Julius Fromm konnte sich und die meisten Familienangehörigen nach London ins Exil retten, denn er verfügte im Gegensatz zu anderen Flüchtlingen zumindest über gewisse finanzielle Mittel. Allerdings zwang ihn der Zweite Weltkrieg zur Untätigkeit: Als feindlich eingestufter Ausländer konnte Julius Fromm nicht wie geplant in England in die Kondomproduktion einsteigen. Währenddessen wurde in Nazideutschland sein Vermögen weiter arisiert. Die Bankguthaben wurden zu Zwangsanleihen für die Kriegskasse ungewandelt. Bankangestellte meldeten seine noch ungeplünderten Schließfächer wiederholt den Behörden, bis auch diese gewaltsam geöffnet und geplündert wurden. Die Villa wurde per Gesetz 1943 Eigentum des Deutschen Reiches und nach aufwendigen Umbauten an einen Berufssoldaten und Ritterkreuzträger vermietet. Einen Teil des Inventars erwarb ein Oberst als Grundausstattung für einen Zweipersonenhaushalt, der Rest des Fromm'schen Eigentums wurde im Mai 1943 öffentlich versteigert. Götz Aly und Michael Sontheimer gelingt es sehr detailgenau aufzuzeigen, ,,wie der jüdische Kondomfabrikant Julius Fromm unter die deutschen Räuber fiel", an der Arisierung bereicherten sich die unterschiedlichsten Einrichtungen und Schichten, vom Staat bis zum kleinen Volksgenossen. Insbesondere die akribische Recherche macht dieses flüssig geschriebene Buch äußerst interessant und spannend.

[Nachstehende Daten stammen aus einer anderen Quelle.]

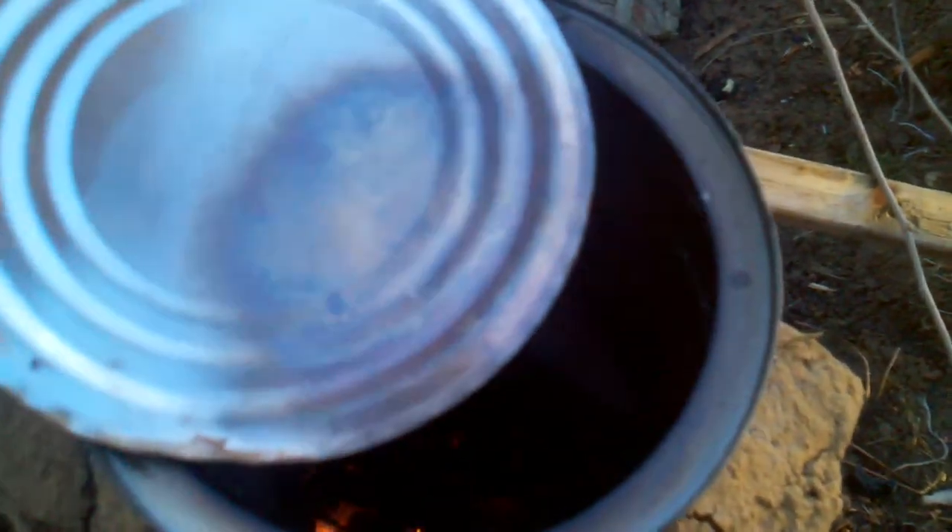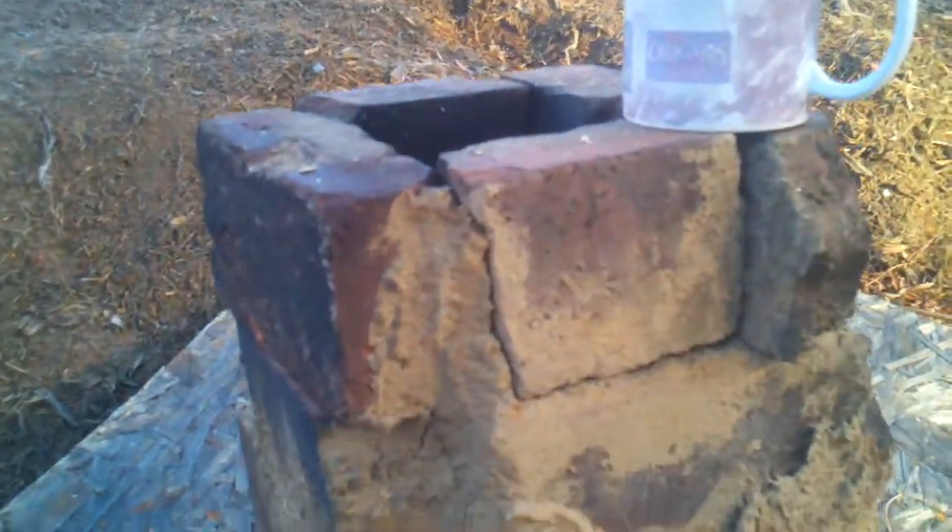Just cut your stuff up small, 8-12 inches, something like that. Stick it in there and when you're done you can throw the top on it and keep your draft going. You don't want to choke it off too much because then your flame will go out and your draft will slow down — at least without having the rest of the stove put together.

Drei Tage nach Ende des Zweiten Weltkrieges starb Julius Fromm in London. Sein Herz versagte, so die Familie, ,,weil er sich über den Untergang der Nazis und die Rückkehr nach Deutschland so sehr gefreut hatte."(S. 191). Zumindest musste Fromm so nicht mehr erleben, wie seine Firma in der DDR in einen volkseigenen Betrieb umgewandelt wurde, perfiderweise aufgrund eines Gesetzes vom Februar 1949, das die entschädigungslose Einziehung der Vermögenswerte von Kriegsverbrechern und Naziaktivisten anordnete.